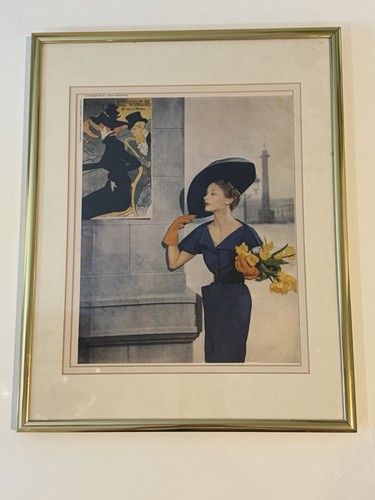Framed vintage 1949 - framed,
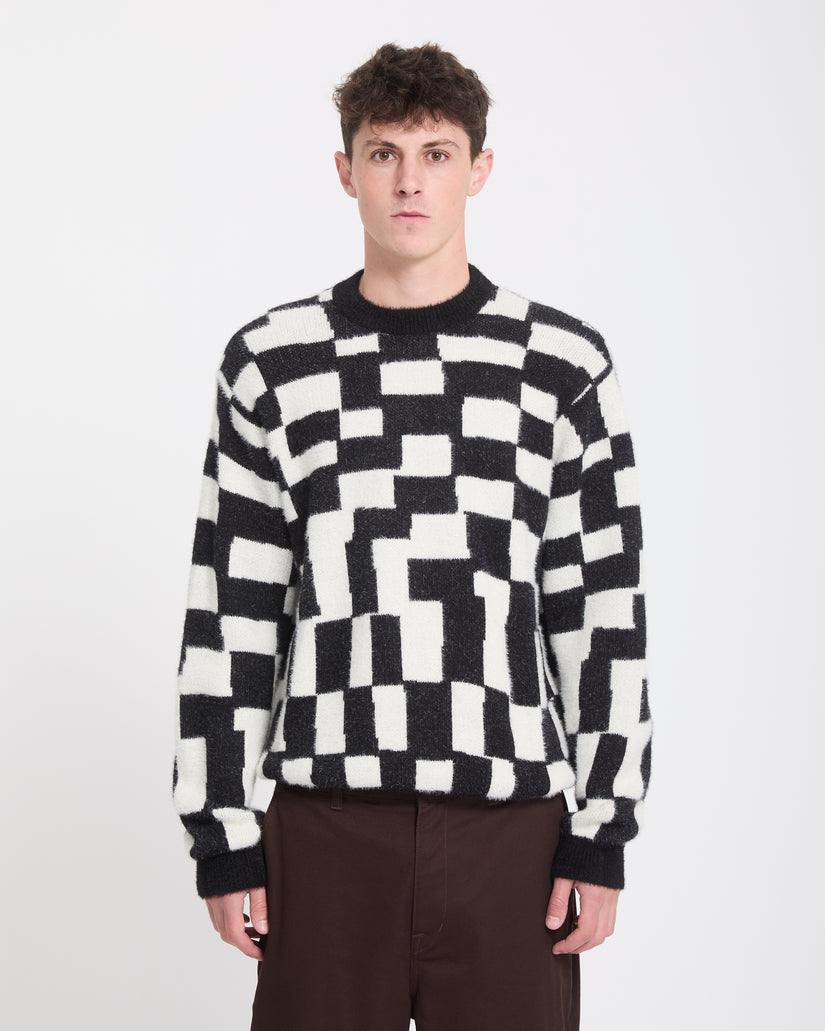 Pull Carrau Check - Black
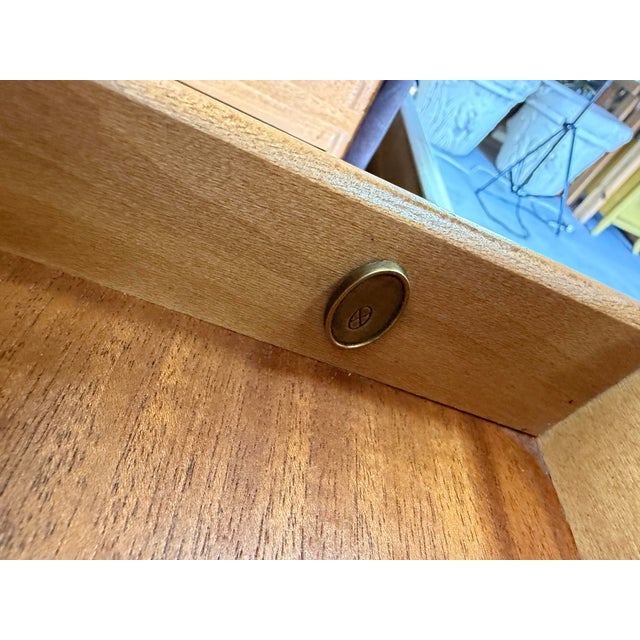 Barbara Barry for Henredon Mahogany Nightstands – A Pair/ Sold For Sale - Image 9 of 12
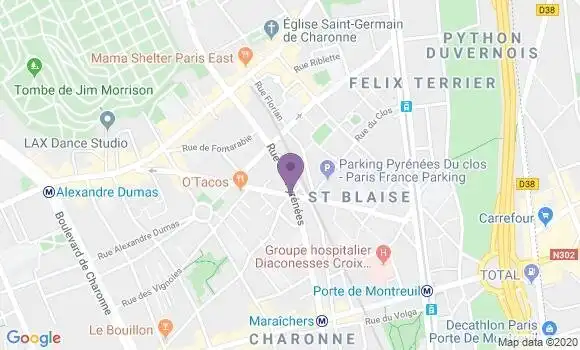 Localisation Waegeman Jean Paul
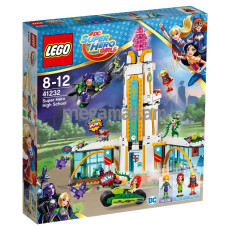 Конструктор LEGO DC Super Hero Girls Школа супергероев (41232)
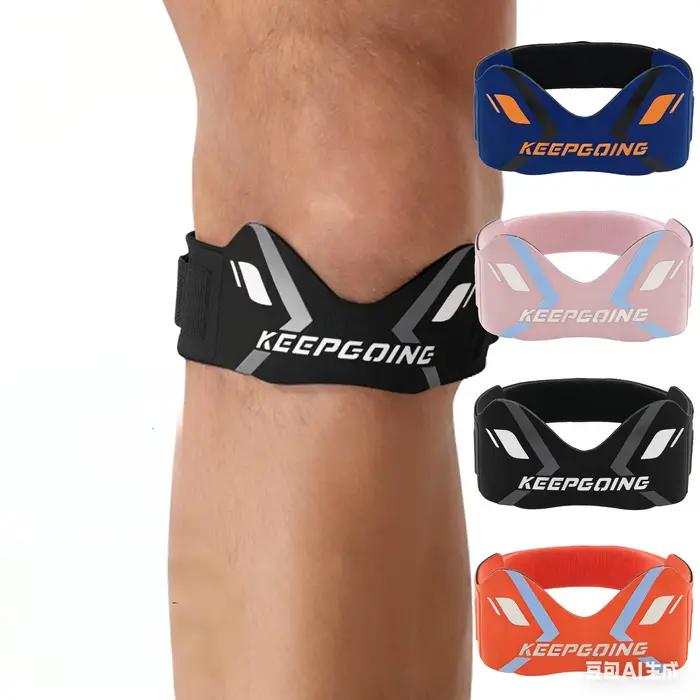 Genouillère de soutien réglable pour la course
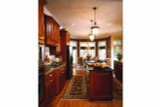 European House Plan - Monteagle 87366 - Kitchen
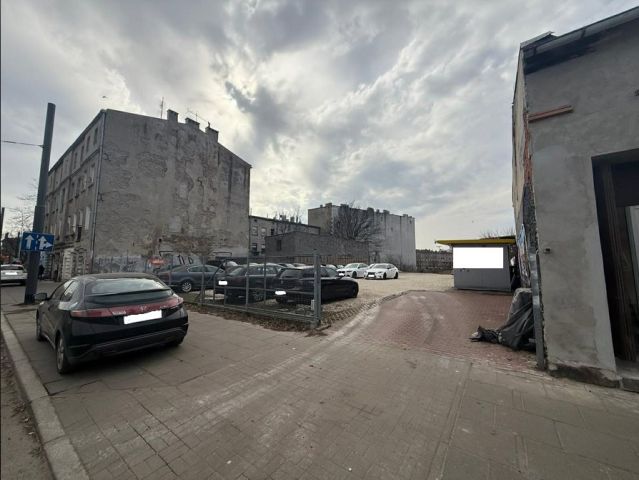 Działka inwestycyjna Łódź Bałuty. Zdjęcie 2
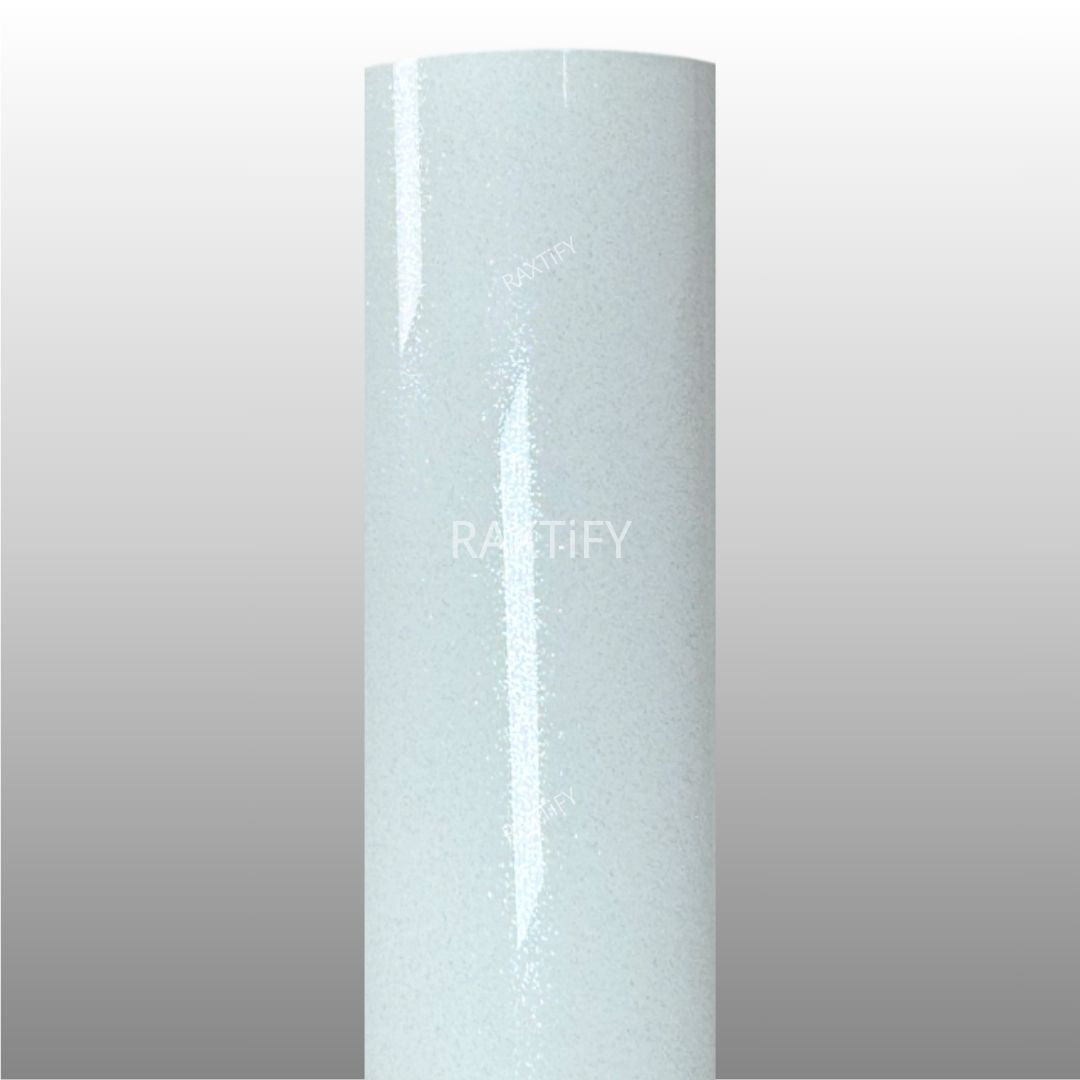 Ultra Gloss Metallic Diamond White Paint Protection Film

▶ _Directions for this task_: Will you set down the records word for word while leaving out every picture?

▶ _Answer space_:
Framed vintage 1949 - framed,
 Pull Carrau Check - Black
 Barbara Barry for Henredon Mahogany Nightstands – A Pair/ Sold For Sale - Image 9 of 12
 Localisation Waegeman Jean Paul
 Конструктор LEGO DC Super Hero Girls Школа супергероев (41232)
 Genouillère de soutien réglable pour la course
 European House Plan - Monteagle 87366 - Kitchen
 Działka inwestycyjna Łódź Bałuty. Zdjęcie 2
 Ultra Gloss Metallic Diamond White Paint Protection Film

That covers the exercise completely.